**EXERCISE DIRECTIONS:**
Send back all of the data, word for word.

•••••

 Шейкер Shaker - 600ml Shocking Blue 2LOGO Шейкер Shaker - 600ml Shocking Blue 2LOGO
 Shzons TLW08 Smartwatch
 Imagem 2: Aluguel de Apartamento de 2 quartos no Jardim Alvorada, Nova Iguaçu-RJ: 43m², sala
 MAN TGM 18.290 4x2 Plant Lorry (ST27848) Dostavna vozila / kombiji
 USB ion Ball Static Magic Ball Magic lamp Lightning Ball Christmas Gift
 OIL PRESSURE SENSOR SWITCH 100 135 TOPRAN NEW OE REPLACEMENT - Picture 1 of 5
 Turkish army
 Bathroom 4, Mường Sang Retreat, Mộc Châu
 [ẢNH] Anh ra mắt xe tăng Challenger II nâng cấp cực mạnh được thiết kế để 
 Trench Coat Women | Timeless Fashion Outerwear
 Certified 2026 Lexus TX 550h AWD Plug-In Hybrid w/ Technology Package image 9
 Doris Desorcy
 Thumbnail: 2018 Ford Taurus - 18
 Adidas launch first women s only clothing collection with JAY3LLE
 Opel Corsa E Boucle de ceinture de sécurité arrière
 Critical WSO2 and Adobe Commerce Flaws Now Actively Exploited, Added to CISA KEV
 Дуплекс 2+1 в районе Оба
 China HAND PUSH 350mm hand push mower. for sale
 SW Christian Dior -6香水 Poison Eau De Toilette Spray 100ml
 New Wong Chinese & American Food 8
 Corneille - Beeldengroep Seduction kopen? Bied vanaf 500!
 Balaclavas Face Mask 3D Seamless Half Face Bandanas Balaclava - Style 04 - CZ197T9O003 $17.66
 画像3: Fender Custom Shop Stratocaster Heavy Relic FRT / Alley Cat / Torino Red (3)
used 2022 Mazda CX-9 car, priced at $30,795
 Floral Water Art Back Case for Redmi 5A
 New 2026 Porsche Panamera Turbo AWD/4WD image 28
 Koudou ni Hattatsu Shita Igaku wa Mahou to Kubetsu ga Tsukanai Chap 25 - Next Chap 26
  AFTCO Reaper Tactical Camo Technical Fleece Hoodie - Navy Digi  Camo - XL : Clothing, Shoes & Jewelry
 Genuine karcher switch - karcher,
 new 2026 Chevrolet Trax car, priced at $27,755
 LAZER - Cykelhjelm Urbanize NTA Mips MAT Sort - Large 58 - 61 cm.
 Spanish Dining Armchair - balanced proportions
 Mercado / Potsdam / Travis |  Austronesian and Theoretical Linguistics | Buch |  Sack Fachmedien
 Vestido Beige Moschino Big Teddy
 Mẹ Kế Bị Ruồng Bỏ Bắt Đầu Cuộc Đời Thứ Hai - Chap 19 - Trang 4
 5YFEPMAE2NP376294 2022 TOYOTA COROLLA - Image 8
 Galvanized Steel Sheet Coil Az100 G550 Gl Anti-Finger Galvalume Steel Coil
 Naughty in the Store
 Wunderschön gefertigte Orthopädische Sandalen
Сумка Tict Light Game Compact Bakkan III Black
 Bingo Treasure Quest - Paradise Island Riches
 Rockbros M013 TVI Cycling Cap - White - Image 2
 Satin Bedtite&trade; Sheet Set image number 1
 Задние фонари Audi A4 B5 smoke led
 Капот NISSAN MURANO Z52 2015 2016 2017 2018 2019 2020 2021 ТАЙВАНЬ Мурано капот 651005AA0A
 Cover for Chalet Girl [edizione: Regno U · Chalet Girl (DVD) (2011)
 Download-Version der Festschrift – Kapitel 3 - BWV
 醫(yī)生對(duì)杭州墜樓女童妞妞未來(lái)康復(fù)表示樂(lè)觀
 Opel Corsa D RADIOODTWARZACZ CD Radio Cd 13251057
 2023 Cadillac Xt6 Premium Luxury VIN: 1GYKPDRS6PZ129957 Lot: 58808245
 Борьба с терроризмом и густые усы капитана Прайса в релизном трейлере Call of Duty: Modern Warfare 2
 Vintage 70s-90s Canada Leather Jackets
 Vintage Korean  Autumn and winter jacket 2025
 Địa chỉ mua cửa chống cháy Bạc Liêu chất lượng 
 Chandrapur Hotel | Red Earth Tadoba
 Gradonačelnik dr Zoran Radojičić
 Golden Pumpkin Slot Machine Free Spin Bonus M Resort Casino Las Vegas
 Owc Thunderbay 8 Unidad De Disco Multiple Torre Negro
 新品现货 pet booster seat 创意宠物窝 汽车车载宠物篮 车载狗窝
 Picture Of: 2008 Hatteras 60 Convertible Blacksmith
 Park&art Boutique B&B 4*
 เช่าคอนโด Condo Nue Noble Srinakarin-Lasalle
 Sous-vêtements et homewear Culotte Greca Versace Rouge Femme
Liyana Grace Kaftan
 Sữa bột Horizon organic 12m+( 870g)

•••••

**SOLUTION BELOW:**
 Шейкер Shaker - 600ml Shocking Blue 2LOGO Шейкер Shaker - 600ml Shocking Blue 2LOGO
 Shzons TLW08 Smartwatch
 Imagem 2: Aluguel de Apartamento de 2 quartos no Jardim Alvorada, Nova Iguaçu-RJ: 43m², sala
 MAN TGM 18.290 4x2 Plant Lorry (ST27848) Dostavna vozila / kombiji
 USB ion Ball Static Magic Ball Magic lamp Lightning Ball Christmas Gift
 OIL PRESSURE SENSOR SWITCH 100 135 TOPRAN NEW OE REPLACEMENT - Picture 1 of 5
 Turkish army
 Bathroom 4, Mường Sang Retreat, Mộc Châu
 [ẢNH] Anh ra mắt xe tăng Challenger II nâng cấp cực mạnh được thiết kế để 
 Trench Coat Women | Timeless Fashion Outerwear
 Certified 2026 Lexus TX 550h AWD Plug-In Hybrid w/ Technology Package image 9
 Doris Desorcy
 Thumbnail: 2018 Ford Taurus - 18
 Adidas launch first women s only clothing collection with JAY3LLE
 Opel Corsa E Boucle de ceinture de sécurité arrière
 Critical WSO2 and Adobe Commerce Flaws Now Actively Exploited, Added to CISA KEV
 Дуплекс 2+1 в районе Оба
 China HAND PUSH 350mm hand push mower. for sale
 SW Christian Dior -6香水 Poison Eau De Toilette Spray 100ml
 New Wong Chinese & American Food 8
 Corneille - Beeldengroep Seduction kopen? Bied vanaf 500!
 Balaclavas Face Mask 3D Seamless Half Face Bandanas Balaclava - Style 04 - CZ197T9O003 $17.66
 画像3: Fender Custom Shop Stratocaster Heavy Relic FRT / Alley Cat / Torino Red (3)
used 2022 Mazda CX-9 car, priced at $30,795
 Floral Water Art Back Case for Redmi 5A
 New 2026 Porsche Panamera Turbo AWD/4WD image 28
 Koudou ni Hattatsu Shita Igaku wa Mahou to Kubetsu ga Tsukanai Chap 25 - Next Chap 26
  AFTCO Reaper Tactical Camo Technical Fleece Hoodie - Navy Digi  Camo - XL : Clothing, Shoes & Jewelry
 Genuine karcher switch - karcher,
 new 2026 Chevrolet Trax car, priced at $27,755
 LAZER - Cykelhjelm Urbanize NTA Mips MAT Sort - Large 58 - 61 cm.
 Spanish Dining Armchair - balanced proportions
 Mercado / Potsdam / Travis |  Austronesian and Theoretical Linguistics | Buch |  Sack Fachmedien
 Vestido Beige Moschino Big Teddy
 Mẹ Kế Bị Ruồng Bỏ Bắt Đầu Cuộc Đời Thứ Hai - Chap 19 - Trang 4
 5YFEPMAE2NP376294 2022 TOYOTA COROLLA - Image 8
 Galvanized Steel Sheet Coil Az100 G550 Gl Anti-Finger Galvalume Steel Coil
 Naughty in the Store
 Wunderschön gefertigte Orthopädische Sandalen
Сумка Tict Light Game Compact Bakkan III Black
 Bingo Treasure Quest - Paradise Island Riches
 Rockbros M013 TVI Cycling Cap - White - Image 2
 Satin Bedtite&trade; Sheet Set image number 1
 Задние фонари Audi A4 B5 smoke led
 Капот NISSAN MURANO Z52 2015 2016 2017 2018 2019 2020 2021 ТАЙВАНЬ Мурано капот 651005AA0A
 Cover for Chalet Girl [edizione: Regno U · Chalet Girl (DVD) (2011)
 Download-Version der Festschrift – Kapitel 3 - BWV
 醫(yī)生對(duì)杭州墜樓女童妞妞未來(lái)康復(fù)表示樂(lè)觀
 Opel Corsa D RADIOODTWARZACZ CD Radio Cd 13251057
 2023 Cadillac Xt6 Premium Luxury VIN: 1GYKPDRS6PZ129957 Lot: 58808245
 Борьба с терроризмом и густые усы капитана Прайса в релизном трейлере Call of Duty: Modern Warfare 2
 Vintage 70s-90s Canada Leather Jackets
 Vintage Korean  Autumn and winter jacket 2025
 Địa chỉ mua cửa chống cháy Bạc Liêu chất lượng 
 Chandrapur Hotel | Red Earth Tadoba
 Gradonačelnik dr Zoran Radojičić
 Golden Pumpkin Slot Machine Free Spin Bonus M Resort Casino Las Vegas
 Owc Thunderbay 8 Unidad De Disco Multiple Torre Negro
 新品现货 pet booster seat 创意宠物窝 汽车车载宠物篮 车载狗窝
 Picture Of: 2008 Hatteras 60 Convertible Blacksmith
 Park&art Boutique B&B 4*
 เช่าคอนโด Condo Nue Noble Srinakarin-Lasalle
 Sous-vêtements et homewear Culotte Greca Versace Rouge Femme
Liyana Grace Kaftan
 Sữa bột Horizon organic 12m+( 870g)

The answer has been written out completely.